HMP: I agree Snorre does not get his due and his influence can be heard all over the Satyricon albums. I also agree Fenriz, Varg and Euronymous have all received their fair share of accolades which of course they are due. I actually never listened to Ved Buens Ende or Aura Noir, always been on my list but never got to them. Will bump those up on the "to listen" list. So for Van Halen what was your entry point and album of choice. My first experience was 1984 which as a kid blew my mind. The Panama video and Dave’s voice and Eddies playing were things I had never heard before that and sent me out to get that tape! My album of choice would be Fair Warning, what is your favorite Van Halen record and what is it about Eddie’s playing that caught your interest and influenced you?
WHTHD: Fair Warning!!! I wish I could start every tattoo to “Unchained”.My entry point was the s/t album. The stepdad had bought the record, I’m sure after hearing running with the devil or Jaimes Crying on the radio but didn’t like the whole record so he gave it to me. Definitely a life-changing band. I’m not a huge fan of the blues, it’s boring and predictable as fuck but what Van Halen did with it will always be with me forever. Diver Down and back are mandatory for me.

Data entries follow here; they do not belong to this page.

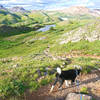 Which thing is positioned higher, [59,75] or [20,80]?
[59,75]

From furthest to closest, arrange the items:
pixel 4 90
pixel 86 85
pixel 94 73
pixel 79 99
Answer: pixel 94 73 < pixel 86 85 < pixel 4 90 < pixel 79 99

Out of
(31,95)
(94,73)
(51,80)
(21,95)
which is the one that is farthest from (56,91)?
(94,73)

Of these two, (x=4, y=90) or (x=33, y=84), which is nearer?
(x=4, y=90)

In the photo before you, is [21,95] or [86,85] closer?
[21,95]

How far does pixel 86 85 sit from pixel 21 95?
20.6 ft

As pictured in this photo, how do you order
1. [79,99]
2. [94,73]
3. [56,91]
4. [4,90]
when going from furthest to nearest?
[94,73], [56,91], [4,90], [79,99]

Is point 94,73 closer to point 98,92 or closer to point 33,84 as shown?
point 98,92

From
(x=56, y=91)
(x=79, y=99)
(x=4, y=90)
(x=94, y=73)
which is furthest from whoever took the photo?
(x=94, y=73)

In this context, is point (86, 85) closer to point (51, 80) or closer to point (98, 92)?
point (98, 92)

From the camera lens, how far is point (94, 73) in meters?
14.1

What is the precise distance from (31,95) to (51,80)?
2.68 meters

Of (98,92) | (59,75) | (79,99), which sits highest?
(59,75)

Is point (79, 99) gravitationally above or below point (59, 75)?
below

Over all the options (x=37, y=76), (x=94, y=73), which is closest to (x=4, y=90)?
(x=37, y=76) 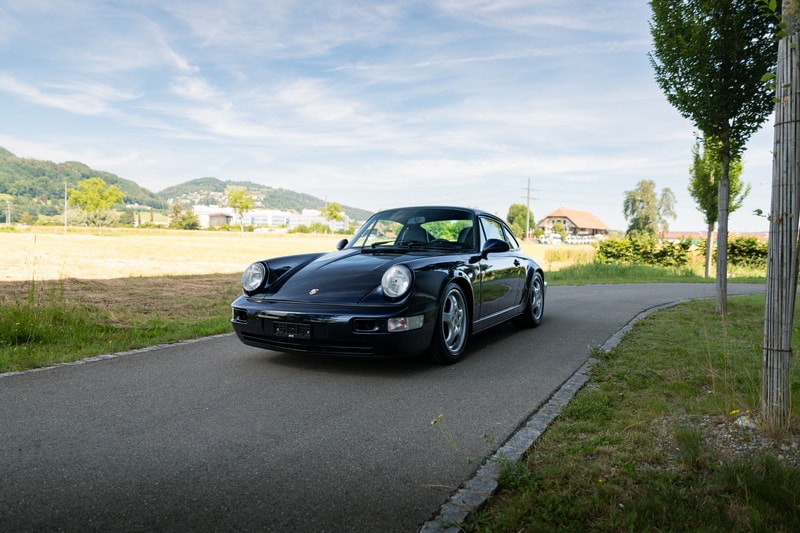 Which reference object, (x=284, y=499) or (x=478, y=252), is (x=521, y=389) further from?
(x=284, y=499)

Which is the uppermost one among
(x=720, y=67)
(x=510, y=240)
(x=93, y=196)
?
(x=93, y=196)

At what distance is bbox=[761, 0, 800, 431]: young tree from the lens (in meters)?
3.13

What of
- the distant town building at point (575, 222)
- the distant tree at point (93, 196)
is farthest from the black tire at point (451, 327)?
the distant town building at point (575, 222)

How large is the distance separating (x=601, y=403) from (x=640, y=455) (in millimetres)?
967

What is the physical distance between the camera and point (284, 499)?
2.53 metres

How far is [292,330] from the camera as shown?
471 cm

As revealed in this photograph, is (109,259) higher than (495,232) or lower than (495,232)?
lower

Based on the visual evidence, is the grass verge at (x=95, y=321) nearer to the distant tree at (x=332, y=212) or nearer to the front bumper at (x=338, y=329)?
the front bumper at (x=338, y=329)

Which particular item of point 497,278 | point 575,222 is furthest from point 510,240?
point 575,222

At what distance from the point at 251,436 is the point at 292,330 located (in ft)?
4.72

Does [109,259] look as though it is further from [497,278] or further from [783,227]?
[783,227]

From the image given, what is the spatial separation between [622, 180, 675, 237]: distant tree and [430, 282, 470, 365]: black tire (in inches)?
2762

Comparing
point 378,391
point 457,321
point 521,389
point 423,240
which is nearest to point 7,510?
point 378,391

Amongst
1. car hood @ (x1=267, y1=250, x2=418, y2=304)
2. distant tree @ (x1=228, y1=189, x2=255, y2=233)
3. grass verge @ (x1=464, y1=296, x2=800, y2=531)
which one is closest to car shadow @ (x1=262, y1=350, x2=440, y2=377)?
car hood @ (x1=267, y1=250, x2=418, y2=304) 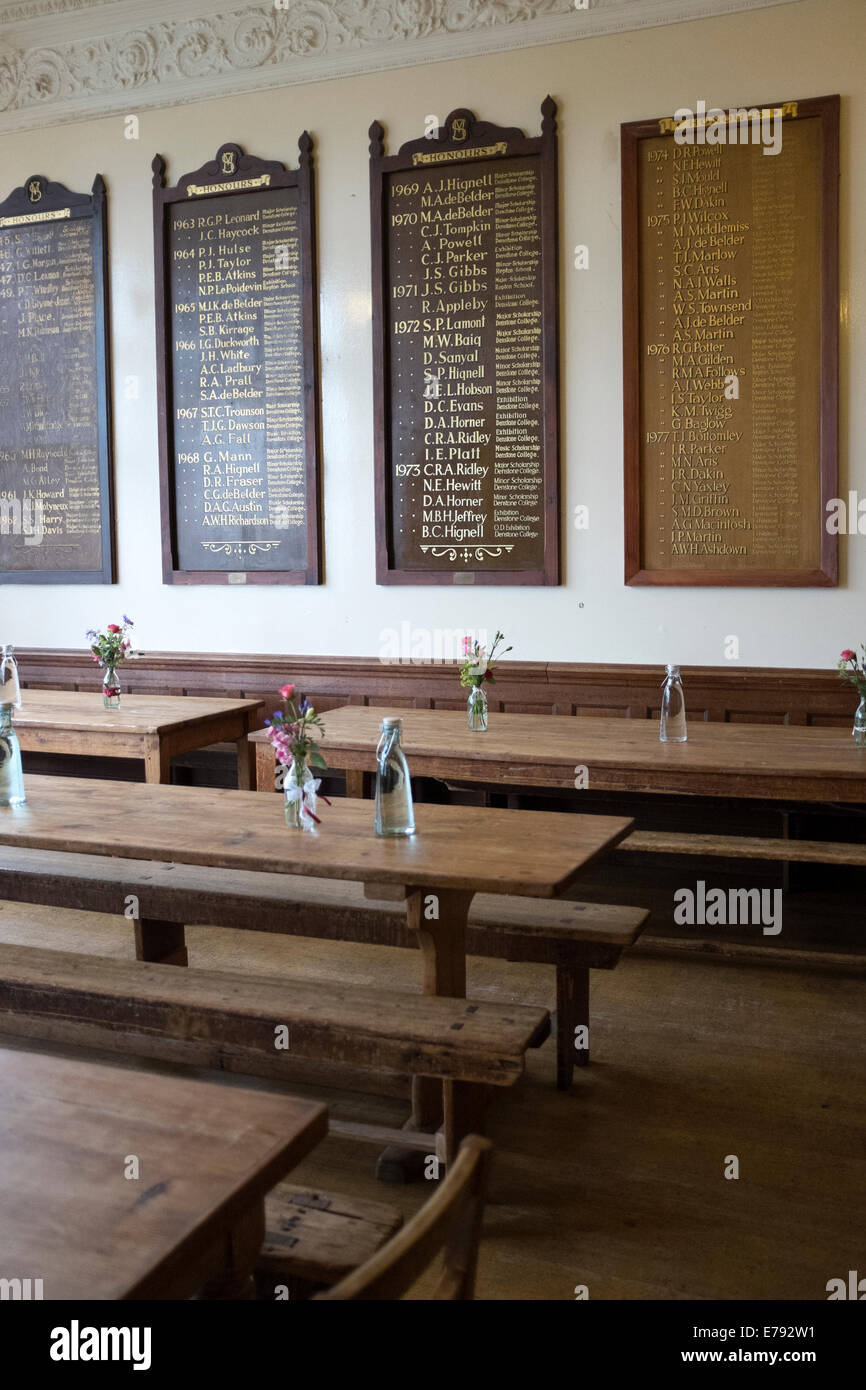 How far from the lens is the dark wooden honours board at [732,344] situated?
14.6ft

HMP: Fair Warning is s goddamn masterpiece and Unchained is a song that gets the blood pumping like no other! On long runs I drop that late in the playlist to reinvigorate me when the legs want to quit! So moving on to Robert Fripp. I have never listened to one note of music by him. Never heard any King Crimson in my life. To someone like me why would you tell them they should listen to them and what album(s) would you suggest they start with?

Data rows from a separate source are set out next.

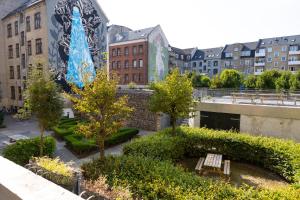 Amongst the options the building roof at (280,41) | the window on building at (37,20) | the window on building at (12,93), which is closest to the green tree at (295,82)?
the building roof at (280,41)

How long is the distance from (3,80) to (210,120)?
33.8m

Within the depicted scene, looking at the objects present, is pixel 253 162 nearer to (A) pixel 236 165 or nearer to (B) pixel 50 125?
(A) pixel 236 165

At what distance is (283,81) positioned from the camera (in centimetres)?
3800

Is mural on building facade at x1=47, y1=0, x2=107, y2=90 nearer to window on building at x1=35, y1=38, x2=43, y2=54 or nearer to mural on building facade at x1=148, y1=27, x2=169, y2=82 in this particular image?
window on building at x1=35, y1=38, x2=43, y2=54

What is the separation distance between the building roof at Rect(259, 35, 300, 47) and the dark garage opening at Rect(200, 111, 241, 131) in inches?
2271

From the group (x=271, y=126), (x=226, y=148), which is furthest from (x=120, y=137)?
(x=271, y=126)

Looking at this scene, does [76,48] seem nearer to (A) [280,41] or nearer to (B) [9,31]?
(B) [9,31]

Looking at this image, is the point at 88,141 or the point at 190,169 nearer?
the point at 190,169

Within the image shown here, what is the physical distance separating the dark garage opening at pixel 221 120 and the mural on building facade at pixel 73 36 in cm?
1487

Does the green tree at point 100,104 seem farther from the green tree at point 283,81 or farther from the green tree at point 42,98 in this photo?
the green tree at point 283,81

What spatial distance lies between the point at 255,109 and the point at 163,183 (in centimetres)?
1355

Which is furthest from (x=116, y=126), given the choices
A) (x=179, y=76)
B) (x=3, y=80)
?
(x=3, y=80)

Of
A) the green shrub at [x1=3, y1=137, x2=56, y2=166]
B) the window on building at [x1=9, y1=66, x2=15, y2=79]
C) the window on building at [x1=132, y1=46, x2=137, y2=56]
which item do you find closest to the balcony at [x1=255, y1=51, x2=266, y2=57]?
the window on building at [x1=132, y1=46, x2=137, y2=56]

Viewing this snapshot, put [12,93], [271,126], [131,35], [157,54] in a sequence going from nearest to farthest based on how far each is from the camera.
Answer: [271,126]
[12,93]
[157,54]
[131,35] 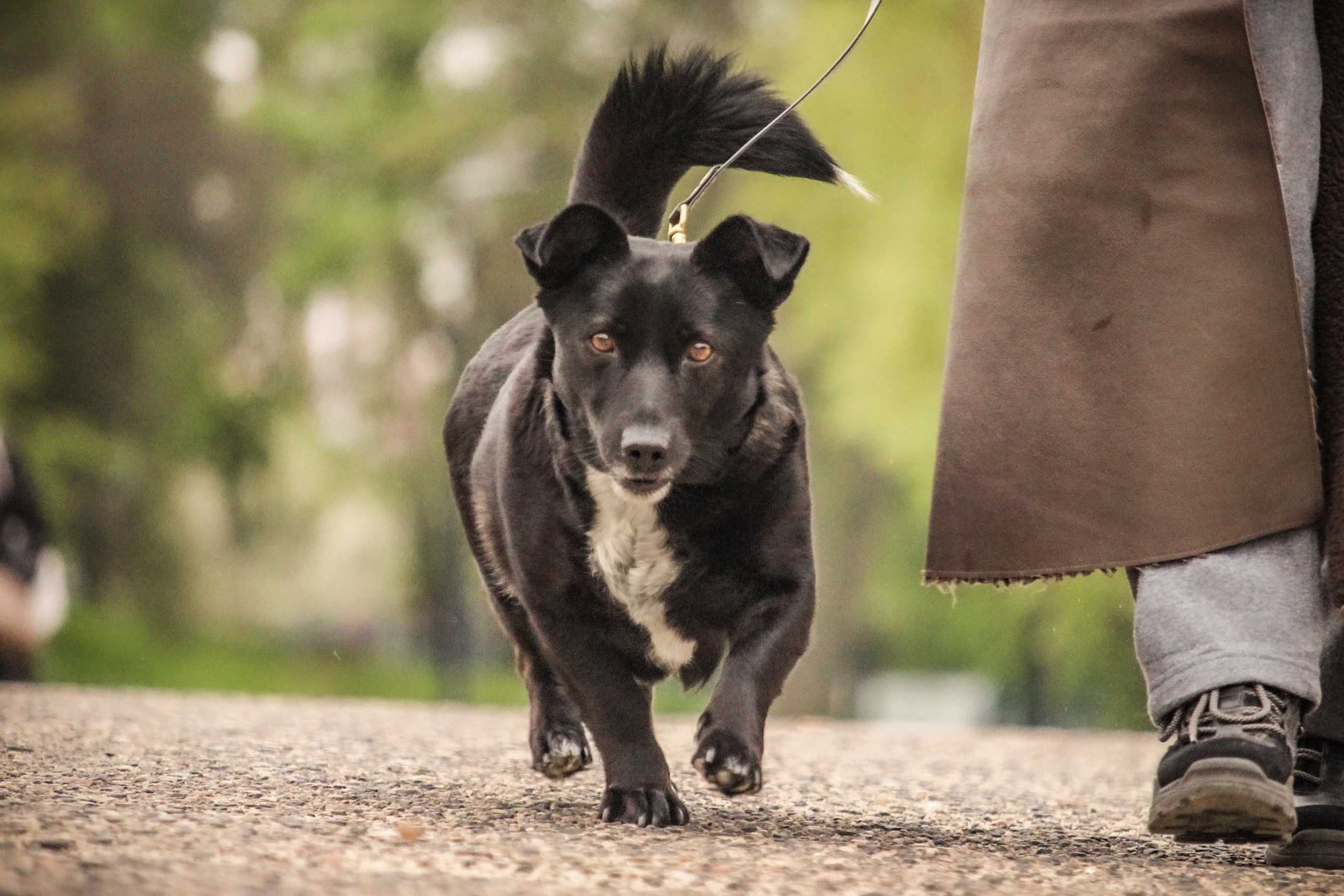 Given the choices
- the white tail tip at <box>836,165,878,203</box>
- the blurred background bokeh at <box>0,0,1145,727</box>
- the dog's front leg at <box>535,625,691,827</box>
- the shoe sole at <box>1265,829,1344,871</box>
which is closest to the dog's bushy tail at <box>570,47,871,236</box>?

WHTHD: Aha wow! Ok well his playing is phenomenal. His sound and his “Fripptronics”, some crazy sustain formula he had were before their time. “In the Court of the Crimson King” was the first of his musick I’d heard. I think this was a bit before people had started adding jazz to rock (or vice versa) and “Prog” was born... but I’m not sure.The “Red” EP is simultaneously the heaviest and most heartbreaking records of it’s time.
Definitely had a huge influence on “math rock” and the like. He also had a school and would have some of his class perform as “The League of Crafty Guitarists”: 14-18 acoustic guitars in a semicircle playing crazy time signatures. His solo work is amazing also and Voivod and Rorschach have covered King Crimson...Voivod...Fuck...

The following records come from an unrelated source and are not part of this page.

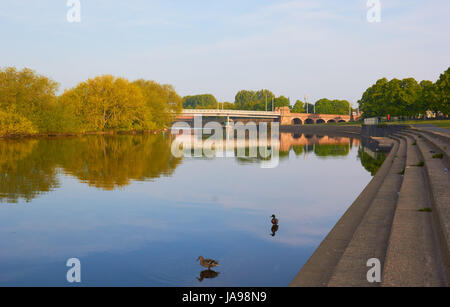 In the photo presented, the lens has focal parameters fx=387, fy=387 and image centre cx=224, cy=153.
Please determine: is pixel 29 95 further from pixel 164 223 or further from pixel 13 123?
pixel 164 223

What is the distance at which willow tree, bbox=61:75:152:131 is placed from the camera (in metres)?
87.5

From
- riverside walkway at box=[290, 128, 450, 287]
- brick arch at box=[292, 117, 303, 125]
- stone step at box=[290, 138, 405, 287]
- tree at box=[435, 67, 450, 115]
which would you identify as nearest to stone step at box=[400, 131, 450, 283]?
riverside walkway at box=[290, 128, 450, 287]

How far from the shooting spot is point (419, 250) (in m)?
7.88

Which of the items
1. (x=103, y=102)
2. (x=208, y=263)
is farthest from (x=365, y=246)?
(x=103, y=102)

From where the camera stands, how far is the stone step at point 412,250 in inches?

HMP: Fuck yeah let’s discuss Piggy and Voivod! I was late to Voivod and only got there thanks to Headbangers Ball airing the Astronomy Domine video. Nothingface isn’t my favorite album by any stretch but is still special to me as my entry point. What it is about Piggy’s playing that influenced you and what’s your album of choice?
WHTHD: Killing Technology was my entry point but Dimension Hatross was where they started to innovate, in my opinion. That record and Phobos are probably my two favorites.As far as Piggy’s guitar playing, I’d say it’s the angular riffs that are rooted in metal but it’s like you can tell he listened to more than just metal. This created the backdrop for their brand of post apocalyptic sci-fi sound. His use of effects on Phobos is restrained and perfect.
HMP: I agree 100% Voivod was unabashedly metal while being every bit of something else at the same time. Bigger than the term metal while staying squarely metal. Another thing I wanted to talk about was our shared love of some indie rock bands. I know we have discussed specifically Polvo and Sonic Youth. What about these types of artists grabbed you and did anything they were doing find it’s way into your playing on the LVTHN and Lurker of Chalice albums?
WHTHD: I’d say Labradford’s “A Stable Reference” had more of an impact on the guitar playing on Lurker of Chalice. I dig Ash Bowie’s (Polvo) playing but I’ve never tried to emulate it. At least not yet.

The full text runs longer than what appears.